These are indeed perilous times. Two out of three things I hold precious are drying up like worms on the pavement: the gas in my sub-compact, along with the money which I so need to spend in this economic nightmare.
But amidst panic and tension, hope still shimmers brightly for students and fellow citizens of Atlanta, and that hope is beer.
I refer not to the tepid, anemic beverage that occupies taps at ‘average Joe’ sports bars or comes from the keg at some underaged Techie’s poor attempt at a dorm party (which is illegal, I may add), but to a local industry that takes pride in being cozy with the capital of the South.
Just for the uninformed, craft brewing (also synonymous with micro-brewing) differs from major brands by marketing small volume, yet more flavorful lagers, ales, stouts and hefeweizens. This gives anybody vast freedom to whet their imagination in making endless varieties through the addition or subtraction of basic ingredients, thereby putting hundreds of underground favorites onto shelves throughout the States.

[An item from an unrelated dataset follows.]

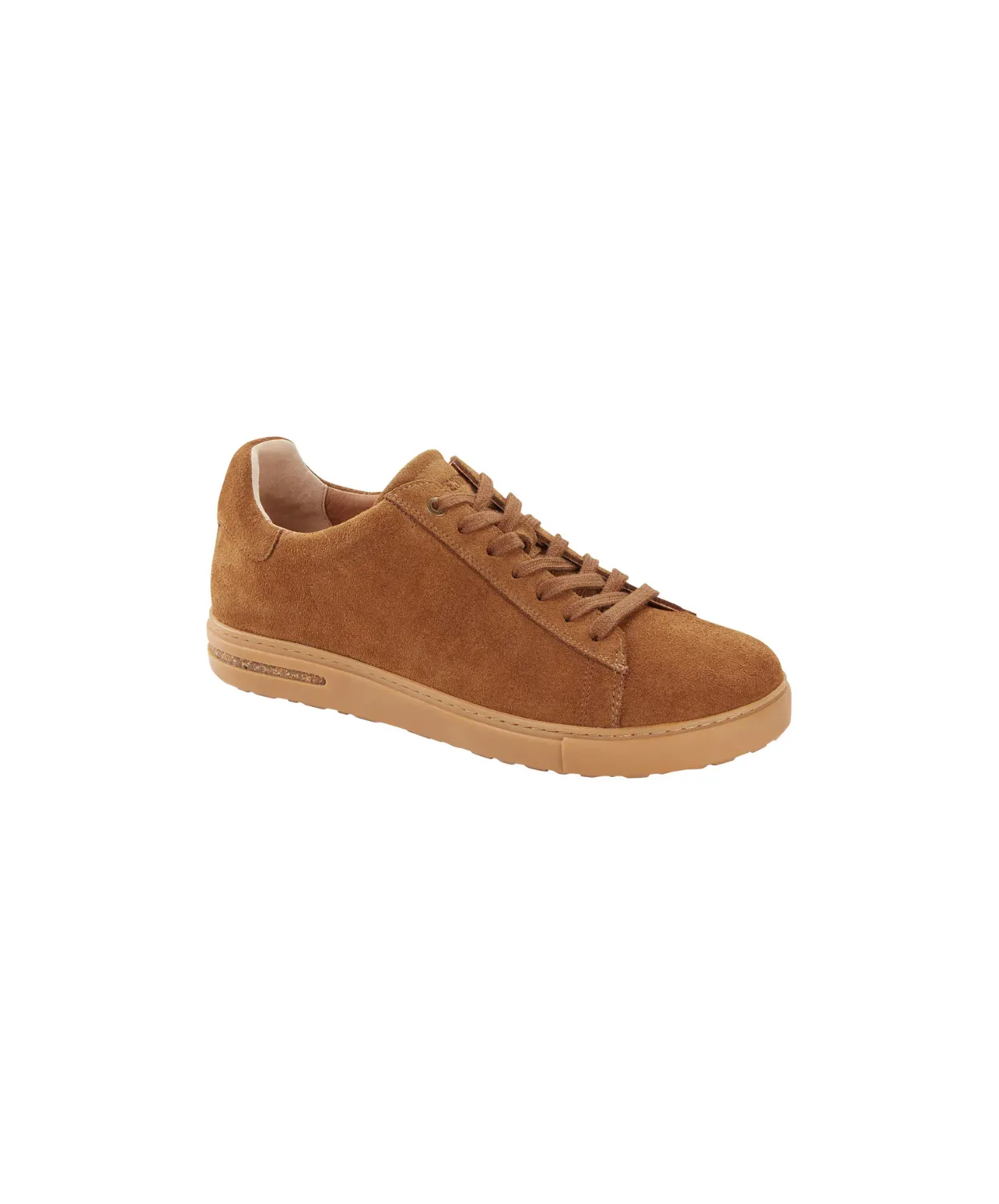 Birkenstock Bend Suede Leather Mink Sneakers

The ABC (Atlanta Brewing Company), situated smack dab in the right atrium of Atlanta, is perhaps the most prominent craft brewery in the city. It has a 15-year history of winning medals and giving Atlanta the reputation of being the Southeast’s master of brews.
Being the oldest, it started off as a small establishment until it finally grew and relocated to larger holdings, meaning patrons get more of that fabulous Red Brick Ale it’s known for.

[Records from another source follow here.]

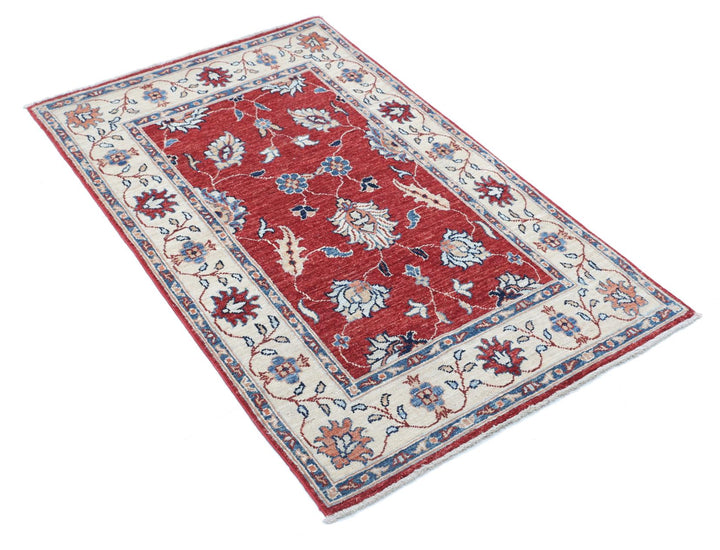 Ziegler 2’ 7″ x 4’ 2″ - No. AV26980 - ALRUG Rug Store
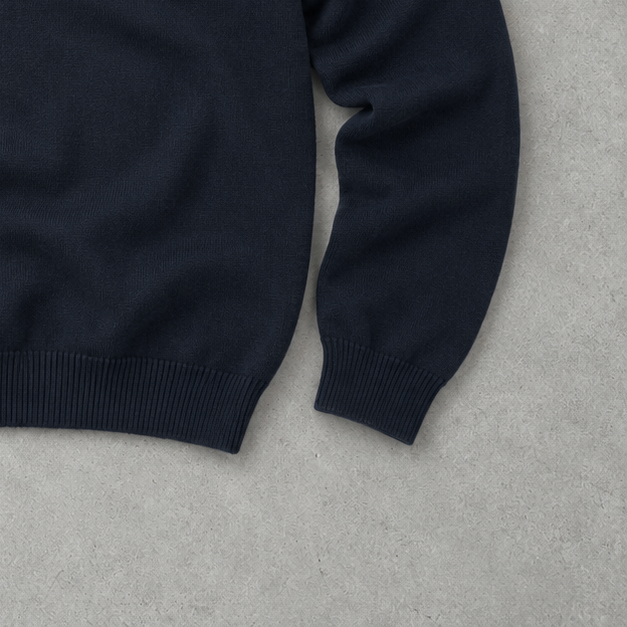 Ralph Lauren Sweater Marineblau Rare (XL)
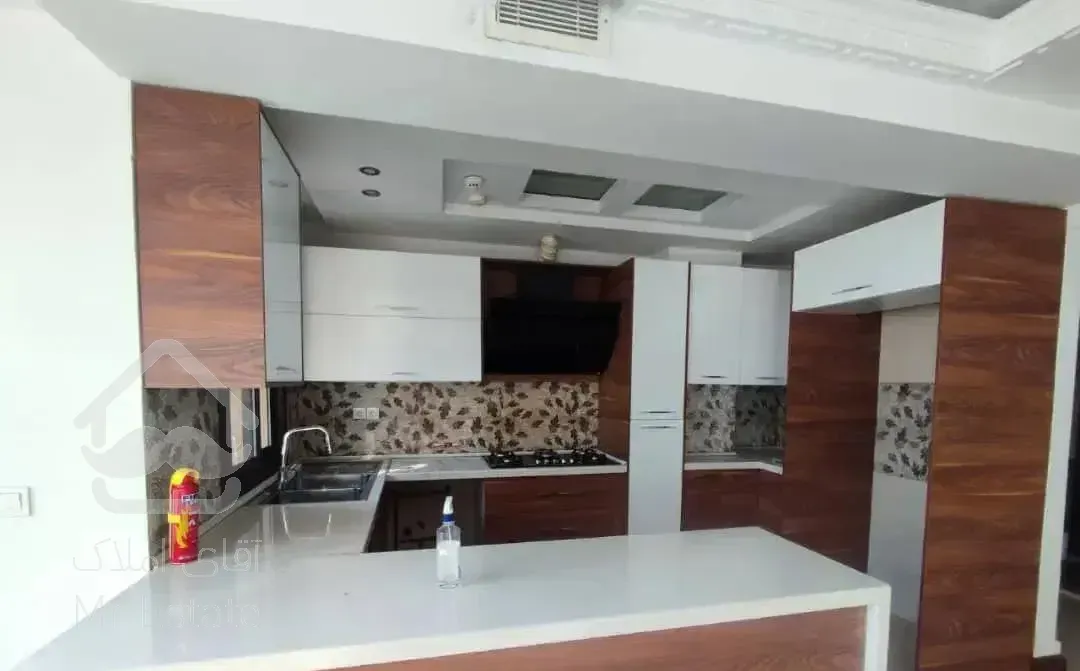 ۱۱۲متر ۲ خواب خوش نقشه و زیبا سهروردی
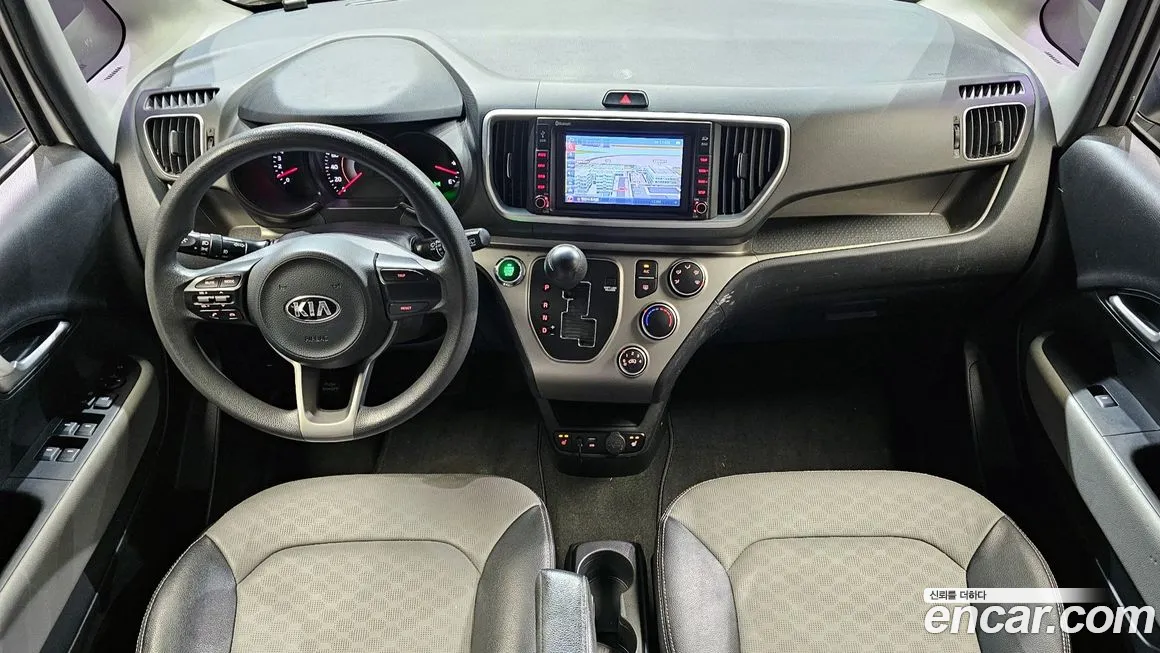 Kia The New Ray id 2065353 из Кореи 17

Just to become better acquainted with the subject, my tongue has led me to experience Atlanta Brewing Company’s tour of their facilities, which is held twice a week; though in all actuality, it’s more of a crowded, pleasant get-together (with a dozen taps to serve out samples), that finally ends with the guides’ elaboration about the millennia-old process of brewing and bragging rights on how greatly they’ve paraded as number one in the Big Peach.
Though rarely graced by lady luck’s presence, I had the fortune of running into Charles Gaston, the brains behind this year’s amazingly popular Oktoberfest batch (who happens to be a Yellow Jacket graduate).
“It is one of the best jobs you could have…and I have also had a number of great opportunities,” Gaston said.
“We try to show people that there are many great beers available from around the country that are much more interesting and complex than the major brands,” Gaston said.
But just to let you know, strong competition does exist for the flagship of Atlanta’s craft brews: Sweetwater mesmerizes the masses with their complex, citrusy 420 pale ale, while the Terrapin Brewing Co. in Athens catches the attention of those who enjoy a Golden Ale on a crisp autumn night.
“More specifically, there are actually great breweries here in the Southeast, and even as close as just down the street,” Gaston said.
So although it’s perfectly fine to go the mainstream and find comfort knowing you’ve saved some green for necessities by purchasing domestic American lager, nothing really beats the knowledge of supporting the local economy (in more ways than one) while experiencing how Southerners like to dash their own crisp, hops-drenched formula into the market.